Не думаю, что это именно белорусская сторона включила военную пропаганду, но она синхронизирована с российской (точно это сделавшей), которая включила логику оправдания своей агрессии в духе «Мы только защищаемся», как это делали все агрессоры в XX веке.

Скриншот видео
Депутат Олег Гайдукевич у посольства Польши выразил недовольство «навязываемыми западными ценностями», «антибелорусской политикой» и «разжиганием войны». 19 апреля. Скриншот видео

— Как понять, что какое-то сообщение в медиа или сюжет на телевидении — это пропаганда? И как человек может ей противостоять?

— Если новость затрагивает вас эмоционально, очень часто значит, что с ней что-то не так. Чаще всего это связано с яркими кадрами, заголовками, в которых объяснено, кто хороший, а кто плохой. Когда мы видим, что затронуты эмоционально, то лучше размагнититься и попробовать оценить, что на самом деле произошло. Можно почитать ту же новость в другом источнике, сделать перерыв и вернуться к ее обдумыванию через какой-то промежуток времени.

Чаще всего манипуляции срабатывают, когда у нас ограничено время для того, чтобы провести оценку полученной информации. Собственно, именно это используют мошенники. Пропаганда — это то же мошенничество. Нам могут показывать быстрый набор картинок и подсказывать, какая реакция на них у нас должна быть или кого мы должны поддержать. Поскольку телевидение воспринимается пассивно, то там такого рода вещи срабатывают.

Еще один из важных факторов, на который стоит обращать внимание, это когда картинка, которую нам показывают, не совсем адекватно сопровождается закадровым голосом. В итоге нам может казаться, что мы своими глазами видели то, о чем нам рассказывал голос, показывая при этом все что угодно.

Одна из целей пропаганды — заставить нас что-то делать. Следует подумать, действительно ли хотим того, что приходится делать, познакомившись с этим фактом.

Важно помнить, что новостные журналисты не должны использовать ярлыки. А если это делается, то, очевидно, это пропаганда. Нужно также обращать внимание на репутацию авторов и изданий.

Я не могу дать точный рецепт, как ей противостоять. Но я бы призвал к тому, чтобы включать дополнительную бдительность, как только вы сталкиваетесь с тем, что влияет на ваши эмоции.

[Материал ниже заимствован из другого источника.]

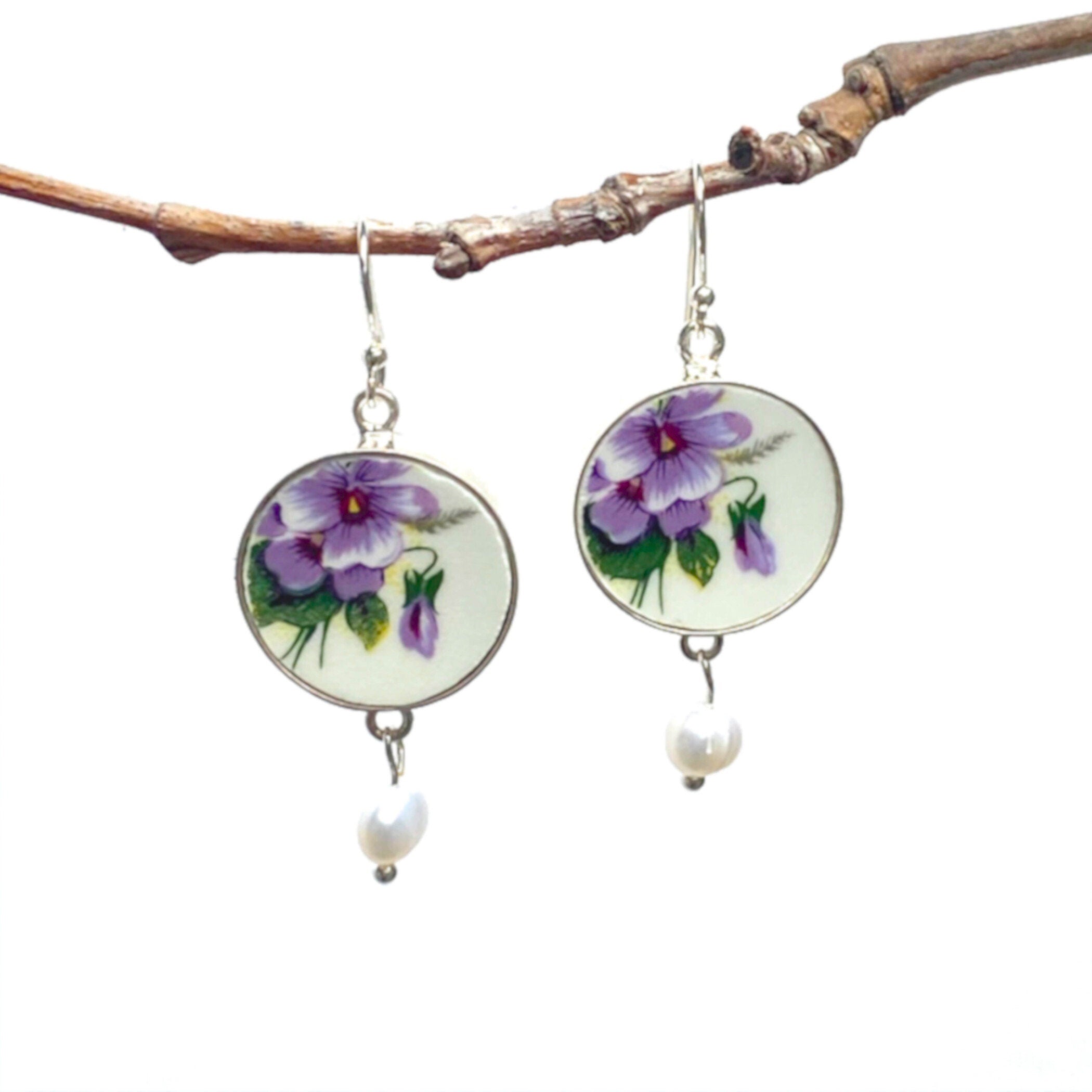 Sweet Purple Violets China Earrings handmade with Vintage Rosina Queens China & Freshwater Pearls, Broken China Jewelry Gift For Women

— Какие есть инструменты, позволяющие вывести человека, например, родственника, из-под влияния пропаганды или убедить его критически относиться к информации?

— Если мы можем построить мостик доверия между мной и вами как собеседниками, то обычно мы начинаем доверять и тому, что говорим друг другу. Чем дольше мы общаемся, тем лучше это работает. То есть если мы сможем наладить доверительное общение с человеком других взглядов, найдя общий язык по каким-то вопросам, не прямо противоположным его картине мира, то вполне возможно, что мы сможем изменить часть этой картины.

Когда мы счастливы или напуганы, менее критично воспринимаем то, что нам рассказывают. Это один из аспектов, который использует пропаганда, но это работает и в противоположную сторону.

Если убрать каналы коммуникации, которые подкармливают людей пропагандой, как это пытаются делать в некоторых европейских странах, запрещая российские телеканалы, то картина мира людей, подверженных ее воздействию, перестает поддерживаться, и они начинают сами пытаться разобраться в том, что происходит.

Чаще всего если вы рассказываете и приводите примеры того, как другая сторона врет, то критически настроенным людям это может понравиться, а вот те, кто думает, что их сторона права, скорее всего не воспримут эти аргументы — не увидят, не поверят, могут посчитать не убедительными. Но отчасти подобные вещи работают, особенно когда человек сталкивается с реальностью, которую полностью не может отрицать.

Не уверен, что борьба с пропагандой может дать стопроцентный эффект, но по крайней мере можно попытаться спасти людей, которые принимают неправильные, вредные для себя решения.